*Exercise brief:* The answer must consist solely of the lines from the one containing "Picture 1 of 9" through the last line of the records below, repeated exactly, with all pictures omitted.

───── Information

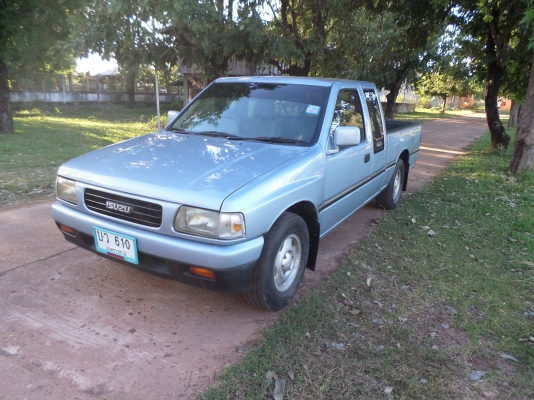 ขายรถกระบะ ISUZU TFR SPACE CAB SLX 2.5 ปี39  พวงมาลัยพาเวอร์โรงงานหน้าหนูแท้ตัวท็อปกระจกไฟฟ้า รถสภาพเดิมๆเครื่องดีไม่ไอไม่จามประหยัดน้ำมันสุดๆ ครัชชีเดิมสวยไม่มีผุช่วงล่างแน่นปึกรถบางเดิมเอกสารพร้อมโอนภาษีพรบ59+แอร์เย็น+เทปชีดี+ยางดี4เส้น+แม๊กไลเนอร์+ล้อแ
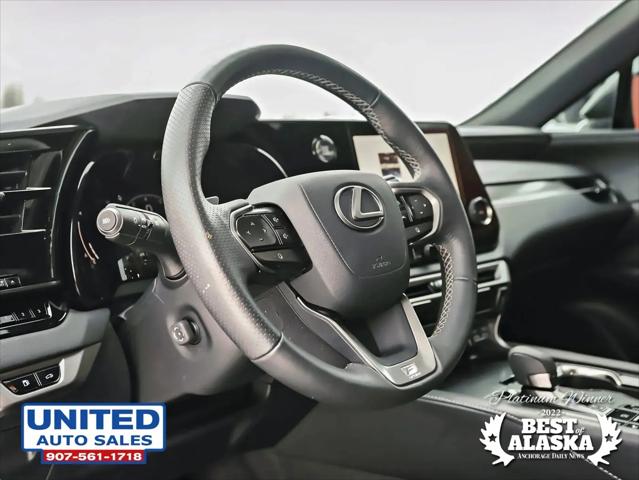 2023 Lexus RX 350 F SPORT Handling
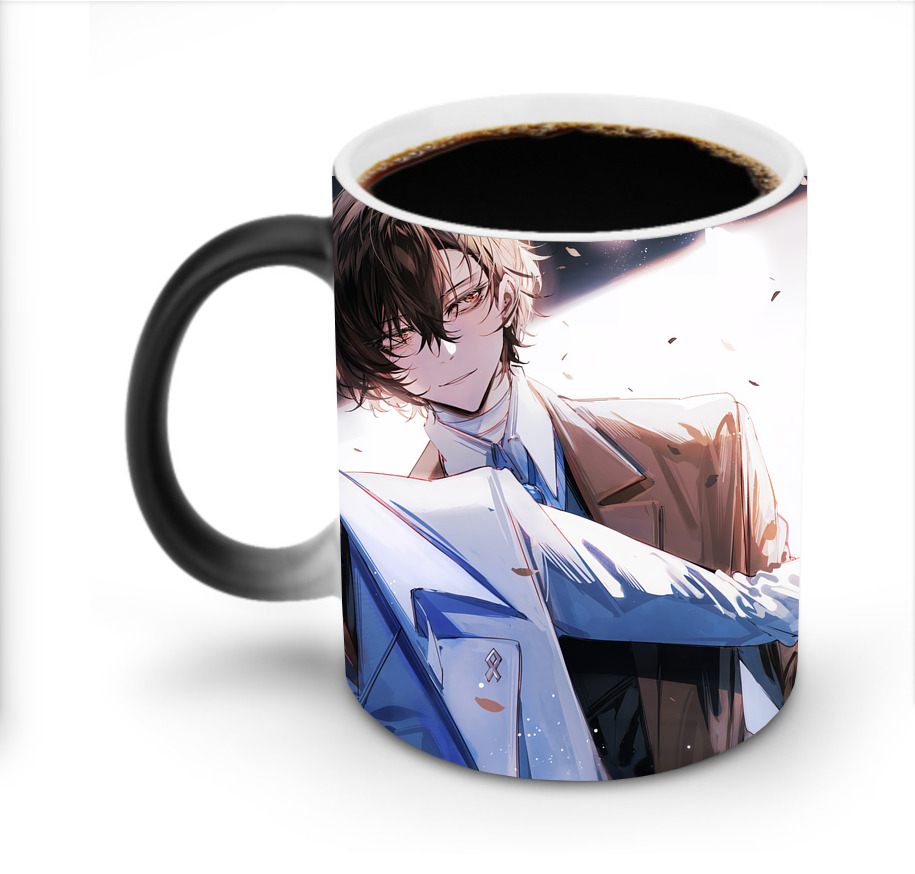 （画像用） 文豪ストレイドッグス Bungo Stray Dogs 温度変色マグカップ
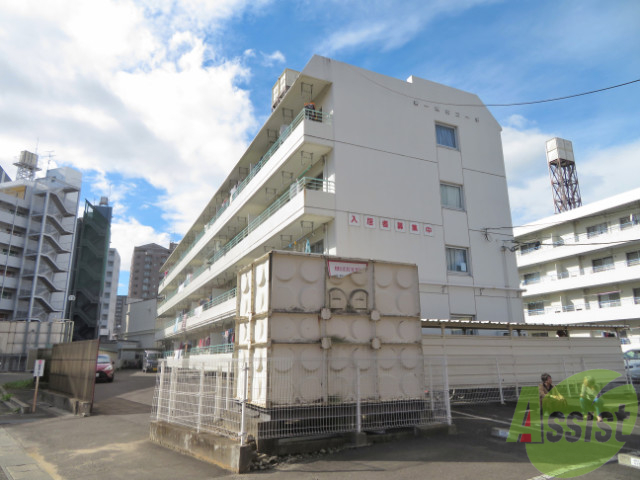 建物外観　仙台市宮城野区小田原「第一飯田コーポ」
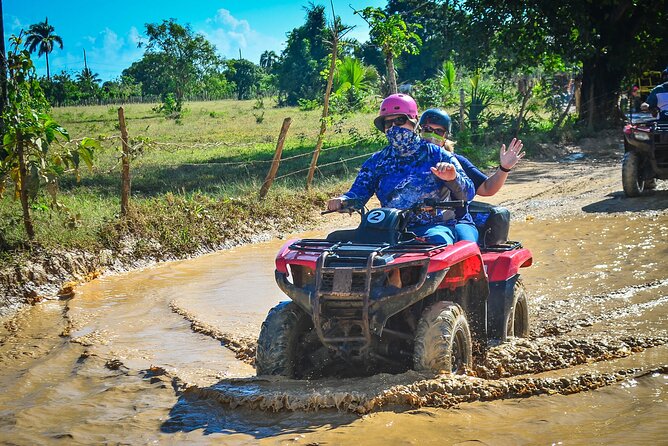 ATV off road adventure with water cave, beach and coffee tasting - ATV Meets Cenote and Beach: The Big Idea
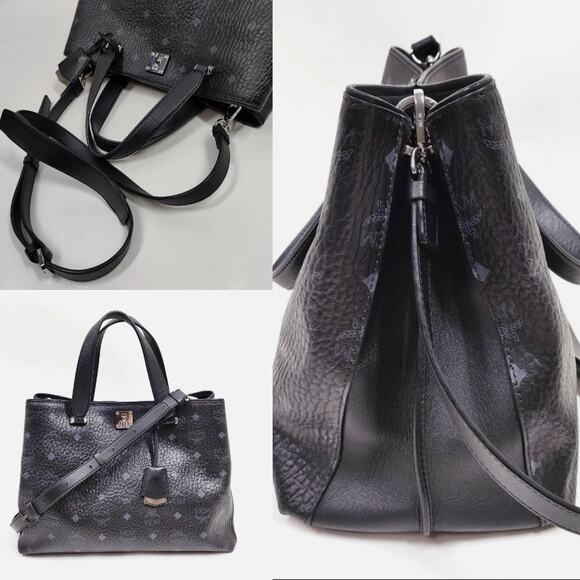 💎✨Beautiful✨💎Authentic MCM 2-way Tote Bag - Picture 1 of 9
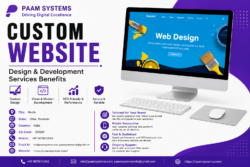 Custom Website Services for Modern Business Growth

──────────

*Exercise solution:*
 💎✨Beautiful✨💎Authentic MCM 2-way Tote Bag - Picture 1 of 9
 Custom Website Services for Modern Business Growth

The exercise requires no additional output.